Artigo do leitor: “Não adianta apontar os fatos, é necessário prová-los”

beatriz-696x415Beatriz Angélica Mota (Foto: Reprodução)

Neste artigo, o perito criminal da Polícia Científica de Pernambuco, Ivan Câmara de Andrade, comenta o desfecho do Caso Beatriz, destacando o importante papel desses profissionais durante toda a condução do caso. Ele também destaca que o trabalho foi feito de forma minuciosa e critica os “desinformados”, que não têm formação técnica para avaliar a função dos peritos, e chegaram a colocar dúvidas sobre a conclusão oficial do crime.

Confiram:

Nós, os denominados “peritos”, somos isso: “A Ciência a serviço da Justiça”. Nada mais. A Ciência, no entanto, como qualquer outro conhecimento alcançado pelo homem, em sua eterna evolução civilizatória, tem data de validade, pois todo saber é datado. A ciência, portanto, é renovada e atualizada a cada descoberta. Destarte, desde as descobertas dos primórdios da humanidade, evoluímos. É dizer: “Sem perícia o locus do crime permanece mudo.” 

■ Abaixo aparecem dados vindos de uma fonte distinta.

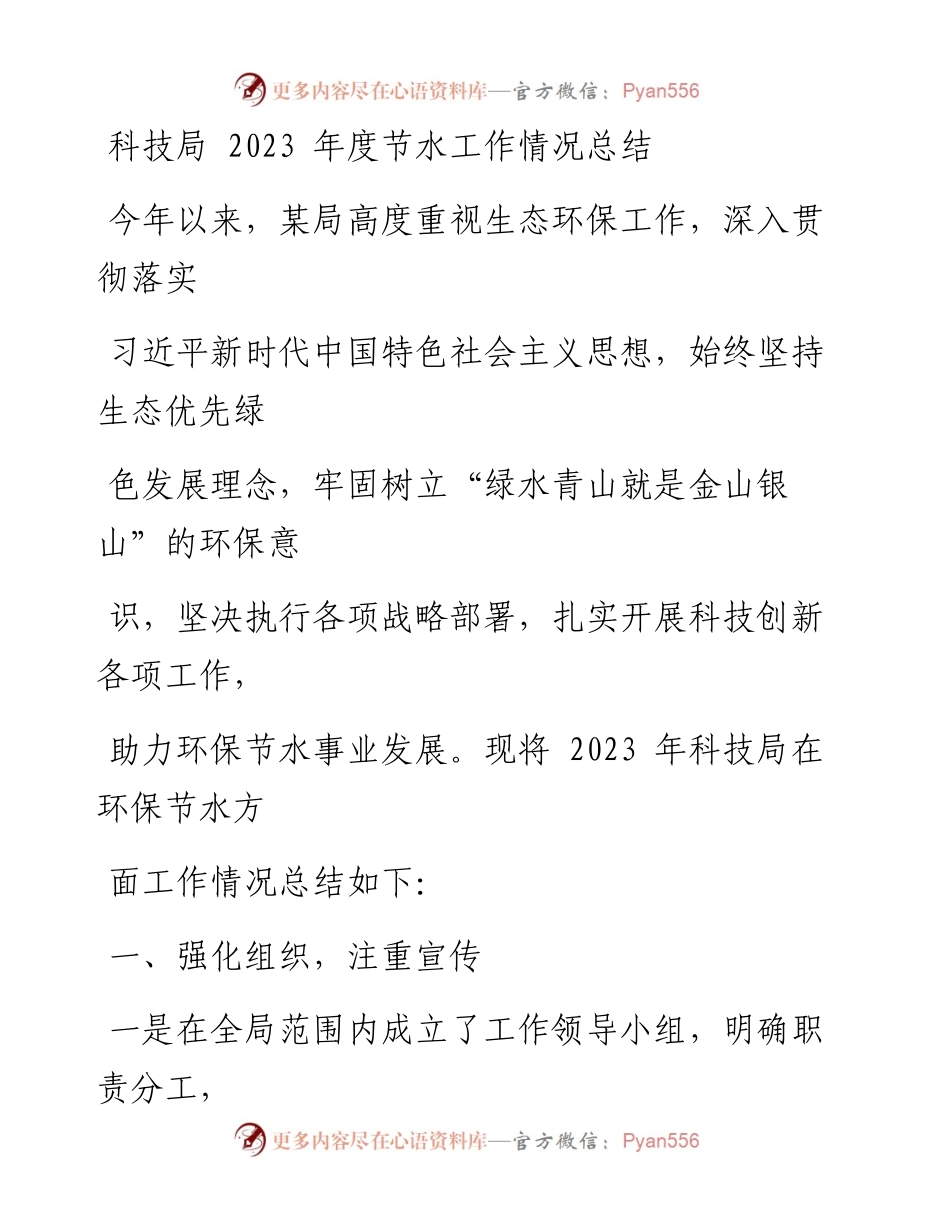 科技局2023年度节水工作情况总结.docx_第1页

Nesse diapasão, merecem os meus parabéns todos os envolvidos na completude dos procedimentos periciais, desde a perícia no local do horrendo delito, cujos profissionais que tão bem souberam coletar as provas, em silêncio, perpassando pela preservação e custódia destas provas (sob a denominada cadeia de custódia)  até os seus procedimentos protocolares junto ao IGFEC (Instituto de Genética Forense Eduardo Campos) em Recife, que nada mais é do que um gigantesco banco de dados genéticos à serviço da sociedade pernambucana e brasileira, para, naquele âmbito, levantar o perfil genético do DNA do criminoso.

A condução à Capital pernambucana, do material probatório coletado, foi realizada seguindo todo o procedimento padrão, à luz dos princípios que regem a Administração Pública (Legalidade, Impessoalidade, Moralidade, Publicidade (respeitado o sigilo próprio do procedimento), Eficiência e razoabilidade, sendo inclusive, conduzida até ao Recife, por um perito criminal, funcionário do Estado de Pernambuco, para que tudo fosse preservado e jamais contaminado. O tempo – Ele – Senhor de Tudo de e Todos, passou, mas a angústia permanecia incólume, na busca pela verdade possível.

Durante todo o processo investigatório, sob a pressão de cobranças que sempre devem existir, porque trabalhamos em prol da mesma sociedade da qual fazemos parte, a Polícia Civil de Pernambuco apresentou 124 (cento e vinte e quatro) suspeitos e a Polícia Científica afirmou, com veemência e certeza, sem medo de errar, sem titubear, que absolutamente todos os 124 cidadãos investigados e suspeitos são inocentes, pois, com base na ciência, os perfis de  DNA de todos esses suspeitos, eram incompatíveis com o material padrão coletado no local do crime. Os leigos e principiantes estão, hodiernamente, a entupir as redes sociais com opiniões “populares” as mais diversas possíveis, acerca da elucidação deste horrendo delito que atingiu uma indefesa infante. Ao ponto, inclusive, de duvidarem do ofício pericial.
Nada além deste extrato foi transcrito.